HOW SUPPLIED/STORAGE AND HANDLING
TZIELD (teplizumab-mzwv) injection is a clear and colorless solution (2 mg/2 mL (1 mg/mL)) supplied in a single-dose vial as follows:
| Carton Contents | NDC |
|---|---|
| 1 single dose vial | NDC 73650-316-01 |
Refrigerate TZIELD vials at 2°C to 8°C (36°F to 46°F) in the original carton to protect from light. Store upright.

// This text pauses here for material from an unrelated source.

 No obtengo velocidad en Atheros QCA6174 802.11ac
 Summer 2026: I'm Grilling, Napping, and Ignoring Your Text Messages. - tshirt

Do not freeze or shake the vials.
Once diluted, it is recommended that the product should be used immediately [see Dosage and Administration (2.7) ] .
Mechanism of Action
Teplizumab-mzwv binds to CD3 (a cell surface antigen present on T lymphocytes) and delays the onset of Stage 3 T1D in adult and pediatric patients aged 1 year and older with Stage 2 T1D and delays the decline in endogenous insulin production in patients aged 8 to 17 years recently diagnosed with Stage 3 T1D.
The mechanism may involve partial agonistic signaling and deactivation of pancreatic beta cell autoreactive T lymphocytes. Teplizumab-mzwv leads to an increase in the proportion of regulatory T cells and of exhausted CD8+ T cells in peripheral blood.